The Rosetta Stone is one of the most important objects in the
British Museum as it holds the key to understanding Egyptian
hieroglyphs - a script made up of small pictures that was used
originally in ancient Egypt for religious texts. Hieroglyphic
writing died out in Egypt in the fourth century AD. Over time the
knowledge of how to read hieroglyphs was lost, until the discovery
of the Rosetta Stone in 1799 and its subsequent decipherment.
The Stone is a tablet of black rock called granodiorite. It is
part of a larger inscribed stone that would have stood some 2
metres high. The section that remains is roughly rectangular. It
measures just over a metre high, 72 centimetres wide and almost 30
centimetres from front to back. The top part of the stone has
broken off at an angle - in line with a band of pink granite whose
crystalline structure glints a little in the light. The back of the
Rosetta stone is rough, where it has been hewn into shape, but the
front face is smooth and crammed with text, inscribed in three
different scripts. These form three distinct bands of writing. The
top band consists of fourteen lines of hieroglyphs: symbols such as
an eye, a seated man, a reed and a basket. The middle band is made
up of thirty-two lines of a curvilinear script called demotic, the
everyday language used in ancient Egypt. At the bottom are over
fifty lines of tightly compressed Greek writing.

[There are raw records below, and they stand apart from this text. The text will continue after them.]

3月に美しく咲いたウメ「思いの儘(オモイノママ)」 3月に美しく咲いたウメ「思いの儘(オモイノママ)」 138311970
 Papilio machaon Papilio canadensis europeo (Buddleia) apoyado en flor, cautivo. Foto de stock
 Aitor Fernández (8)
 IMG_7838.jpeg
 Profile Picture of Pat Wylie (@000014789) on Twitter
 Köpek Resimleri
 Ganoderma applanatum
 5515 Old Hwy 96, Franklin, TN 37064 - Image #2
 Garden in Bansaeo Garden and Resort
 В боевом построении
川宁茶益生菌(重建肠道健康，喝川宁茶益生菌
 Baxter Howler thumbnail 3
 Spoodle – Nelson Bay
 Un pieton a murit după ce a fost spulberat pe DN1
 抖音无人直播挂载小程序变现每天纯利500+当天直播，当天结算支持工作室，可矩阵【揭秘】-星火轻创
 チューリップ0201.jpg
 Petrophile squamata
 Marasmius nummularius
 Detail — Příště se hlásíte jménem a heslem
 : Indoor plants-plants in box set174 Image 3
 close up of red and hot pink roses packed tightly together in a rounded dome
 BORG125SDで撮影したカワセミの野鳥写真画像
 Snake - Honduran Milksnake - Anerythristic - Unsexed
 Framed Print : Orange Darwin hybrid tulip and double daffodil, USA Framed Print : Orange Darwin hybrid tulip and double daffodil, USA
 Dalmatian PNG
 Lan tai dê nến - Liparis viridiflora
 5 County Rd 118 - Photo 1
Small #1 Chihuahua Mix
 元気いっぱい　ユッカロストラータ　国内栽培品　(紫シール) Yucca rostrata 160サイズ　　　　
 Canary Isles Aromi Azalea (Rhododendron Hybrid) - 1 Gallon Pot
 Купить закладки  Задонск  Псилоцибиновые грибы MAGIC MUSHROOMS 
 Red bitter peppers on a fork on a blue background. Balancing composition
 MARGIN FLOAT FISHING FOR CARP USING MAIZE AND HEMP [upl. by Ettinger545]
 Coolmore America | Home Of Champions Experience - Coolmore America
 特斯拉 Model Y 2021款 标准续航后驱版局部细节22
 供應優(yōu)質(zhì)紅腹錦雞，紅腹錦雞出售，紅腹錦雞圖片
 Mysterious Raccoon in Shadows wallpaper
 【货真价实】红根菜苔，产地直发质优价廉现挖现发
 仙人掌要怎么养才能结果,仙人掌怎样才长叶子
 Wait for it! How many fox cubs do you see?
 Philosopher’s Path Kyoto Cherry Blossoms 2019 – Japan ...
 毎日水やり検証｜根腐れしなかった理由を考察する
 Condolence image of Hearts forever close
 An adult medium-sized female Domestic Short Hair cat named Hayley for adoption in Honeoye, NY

The inscriptions are three translations of the same decree,
passed by a council of priests, that affirms the royal cult of the
thirteen-year-old Ptolemy V on the first anniversary of his
coronation. In the early years of the nineteenth century, scholars
were able to use the Greek inscription on this stone as the key to
deciphering the others.
You might like to know there is a replica of the Rosetta Stone
in the Enlightenment Gallery which can be touched.